The Magit package for Emacs is my Git UI of choice, and git worktrees are very convenient. They mesh up particularly well by adding the built-in magit-insert-worktrees to magit-status-sections-hook. With this, the magit status buffer shows a summary of the branch/HEAD/path of all worktrees, and allow jumping between them in a flash.

1
2
;; Show all worktrees at the end of the status buffer (if more than one)
(add-hook 'magit-status-sections-hook #'magit-insert-worktrees t)

A magit status buffer with all the usual features, plus the new ‘Worktrees’ section at the end: the outlined row with an absolute path is the worktree for the current status buffer, and the other two are elsewhere on disk. Hitting RET on any worktree switches to it.

Worktrees

Git has a feature called worktrees, which are a nifty way to do work in parallel: different branches checked out in different directories, but all sharing a single .git directory. This means less disk space used on duplicate .git clones, but, more usefully, data like branches & stashes is shared.

There’s lots of ways to use worktrees, and they’re especially handy in the age of AI agents. At the most basic level, they’re useful for working concurrently, like reducing context switching when balancing deep projects, code reviewing, and small fixes.

I know some people like to create a new worktree for each branch they work on, and then remove them once finished (or get their agents to do so). I personally generally have fixed long-lived worktrees0 that I cycle branches through as required: for my main work repo, I’m up to name, name2, …, name5 at the moment… and if I ever need a 6th one, I’ll just create it.

Finding the worktrees

In either case, I find it annoying to keep track of what worktrees are ‘live’. There’s workable solutions, but they’re a bit of friction:

The magit status buffer is the entry-point to a Git repo, and surfaces a lot of information that’s handy to have immediately available, in collapsible sections, things like diffs of any uncommitted and branch summaries. It reduces friction by making git status/git diff/… automatic and interactive, and is customisable.

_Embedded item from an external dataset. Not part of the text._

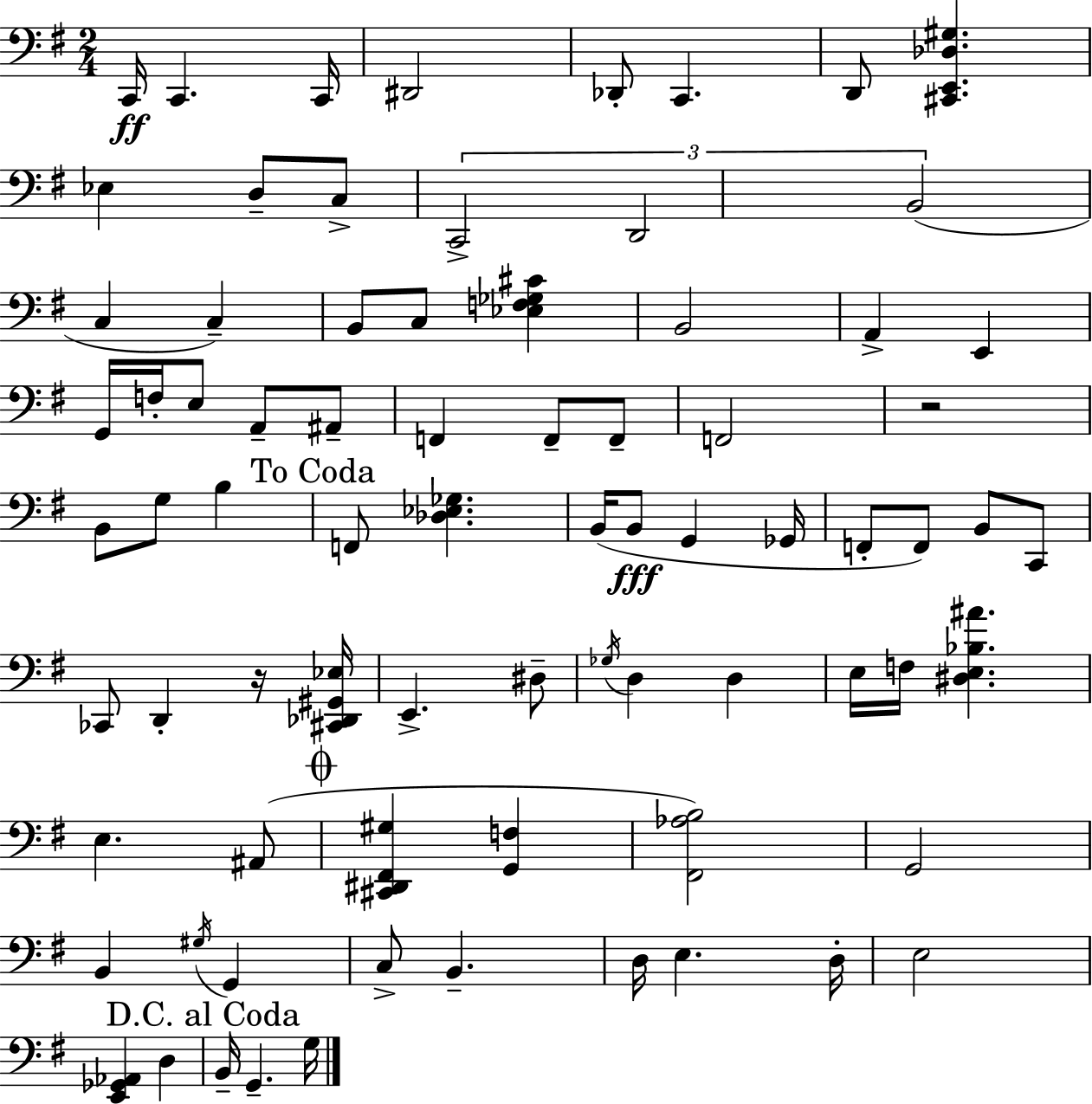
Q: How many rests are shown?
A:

I wanted to apply that mindset to worktrees too, and so, recently, started writing my own worktree section inserter… but then thought to double check the Magit source code for anything similar, and found exactly what I wanted1!

Magit has a builtin magit-insert-worktrees function that inserts a section summarising all worktrees (or nothing, if there’s only one worktree). It’s interactive: hitting RET on any worktree shows the magit status buffer for it.

It’s not used by default, so it needs to be explicitly enabled by adding to the hook that the status buffer executes to show all the sections. My init files now include:

1
2
;; Show all worktrees at the end of the status buffer (if more than one)
(add-hook 'magit-status-sections-hook #'magit-insert-worktrees t)

My status buffers now look like the screenshot above. Yay!

  1. I’ve settled on long-lived worktrees for two reasons:

    1. IME many code-bases have at least a little bit of static setup that’s intentionally not tracked in Git (like initialising an .env file from an .env.example file), and starting a new worktree requires redoing this… this can be solved with scripts, or just be side-stepped.
    2. I have an (arguably bad) habit of taking notes, leaving reference data and/or creating ad-hoc scripts in untracked files in a worktree, and sometimes want to return to them and persist them later (commit, or paste into a issue tracker, or similar), so creating then deleting worktrees risks accidentally losing them.

  2. This function appears to have existed since 2016, but not be mentioned in the manual, so I submitted an addition

This article is from a human: I used no AI to write it.